Siempre hay un lugar y una hora exacta en la que el Señor quiere encontrarse con nosotros. Es el momento que marca el comienzo de la conversión o del rechazo radical. Esa conversión es un camino que exige constancia y una decisión siempre renovada de proseguir el viaje a pesar de todo. Si en la antigua alianza el pueblo caminaba bajo la guía de Moisés, para nosotros el camino a seguir es el mismo Hijo de Dios, Jesucristo. Él es quien nos saca de la esclavitud del pecado, quien nos saca de nosotros mismos.
El sentido de la vida eclesial es ayudarse fraternalmente a caminar por las sendas de la conversión, o sea, ayudarse a buscar y seguir a Jesús. Hay que desear ardientemente que ninguno se extravíe, que ninguno se retrase o se aleje. A esto precisamente nos invita el Evangelio de hoy, que concluye con la parábola de la higuera estéril. El labrador que ruega que no la corten todavía es Jesús. Como intercesor nuestro, dirá hasta el final de los tiempos: “Espera un poco, un poco todavía, que la cuidaré más”. Todos los cuidados que Jesús nos prodiga con su Palabra, con los sacramentos, con sus intervenciones providenciales –y lo son también los acontecimientos dolorosos–, son ofertas de conversión. Dejémosle, pues, que nos cultive. La Palabra sagrada es como un arado, y también como una semilla sembrada para que pueda producir fruto.
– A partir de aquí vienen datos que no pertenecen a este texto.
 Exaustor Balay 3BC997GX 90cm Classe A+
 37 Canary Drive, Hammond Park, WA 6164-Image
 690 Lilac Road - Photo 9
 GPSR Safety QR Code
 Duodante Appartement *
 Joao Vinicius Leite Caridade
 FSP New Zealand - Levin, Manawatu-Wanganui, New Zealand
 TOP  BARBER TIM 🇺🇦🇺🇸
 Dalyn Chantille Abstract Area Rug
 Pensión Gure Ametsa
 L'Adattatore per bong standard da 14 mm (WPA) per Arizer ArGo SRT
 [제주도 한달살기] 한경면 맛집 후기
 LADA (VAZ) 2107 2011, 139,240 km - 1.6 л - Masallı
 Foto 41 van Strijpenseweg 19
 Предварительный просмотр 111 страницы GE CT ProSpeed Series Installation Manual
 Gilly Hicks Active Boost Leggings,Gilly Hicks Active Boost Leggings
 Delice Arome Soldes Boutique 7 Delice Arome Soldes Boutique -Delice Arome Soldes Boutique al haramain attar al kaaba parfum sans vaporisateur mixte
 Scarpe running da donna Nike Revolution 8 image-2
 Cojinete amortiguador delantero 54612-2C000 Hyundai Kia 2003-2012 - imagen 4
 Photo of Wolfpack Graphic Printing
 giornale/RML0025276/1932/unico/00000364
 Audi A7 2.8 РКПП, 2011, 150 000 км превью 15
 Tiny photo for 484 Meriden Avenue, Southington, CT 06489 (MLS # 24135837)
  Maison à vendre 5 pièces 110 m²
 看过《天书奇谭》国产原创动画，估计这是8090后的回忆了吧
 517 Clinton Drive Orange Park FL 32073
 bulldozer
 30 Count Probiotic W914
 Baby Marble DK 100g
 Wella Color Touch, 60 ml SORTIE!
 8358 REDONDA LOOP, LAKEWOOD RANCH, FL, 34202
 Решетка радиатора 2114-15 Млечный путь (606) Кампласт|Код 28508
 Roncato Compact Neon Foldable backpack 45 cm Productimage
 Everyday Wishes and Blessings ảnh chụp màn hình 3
No hay, netamente, buenos y malos. Todos estamos necesitados de conversión; nadie puede decir que está libre de culpa. Dios da a todos una segunda oportunidad.





SAN JOSÉ ORIOL

Nació en Barcelona, España, y quedó huérfano de padre siendo todavía muy pequeño. Jovencito fue admitido como monaguillo y cantor en una iglesia, y viendo los sacerdotes su gran piedad y devoción se propusieron costearle los estudios de seminario. Pasaba muchas horas rezando ante el Santísimo Sacramento en el templo.
Ordenado sacerdote, y habiendo recibido en la universidad el grado de doctor, se dedicó a la educación de la juventud. Era sumamente estimado por las gentes y muy alabado por su gran virtud y por sus modos tan amables que tenía en el trato con todos, pero Dios le dejó ver el estado de su alma y desde ese día ya no tuvo José ningún sentimiento de vanidad ni de orgullo. Se dio cuenta de que lo que ante los ojos de la gente brilla como santidad, ante los ojos de Dios no es sino miseria y debilidad. Desde el día en que Dios le permitió ver el estado de su alma, José Oriol se propuso nunca más volver a comer carne en su vida y ayunar todos los días.
A San José Oriol le concedió Dios el don de la dirección espiritual. Las gentes que iban a consultarlo volvían a sus casas y a sus oficios con el alma en paz y el espíritu lleno de confianza y alegría. A las personas que dirigía les insistía en que su santidad no fuera sólo superficial y externa, sino sobre todo interior y sobrenatural.
El santo nunca se atribuía a él mismo ninguno de los prodigios que obraba. Decía que todo se debía a que sus penitentes se confesaban con mucho arrepentimiento y que por eso Dios los curaba. En sus últimos años obtuvo de Dios el don de profecía y anunciaba muchas cosas que iban a suceder en el futuro. Y hasta anunció cuando iba a suceder su propia muerte. En un día del mes de marzo del año 1702, mientras cantaba en su lecho de enfermo un himno a la Virgen María, murió santamente. Tenía apenas 53 años.

SANTA FRANCISCA DE LAS 5 LLAGAS


Nació en Nápoles (Italia) en 1715. Su padre era un tejedor, hombre de terrible mal genio. La mamá era una mujer extraordinariamente piadosa, la cual antes del nacimiento de la niña, ante los tratos tan violentos de su esposo y ante el misteriosos sueños que había tenido, le consultó el caso a San Francisco Jerónimo, el cual le profetizó que tendría una hija a la cual Dios le hablaría por medio de revelaciones.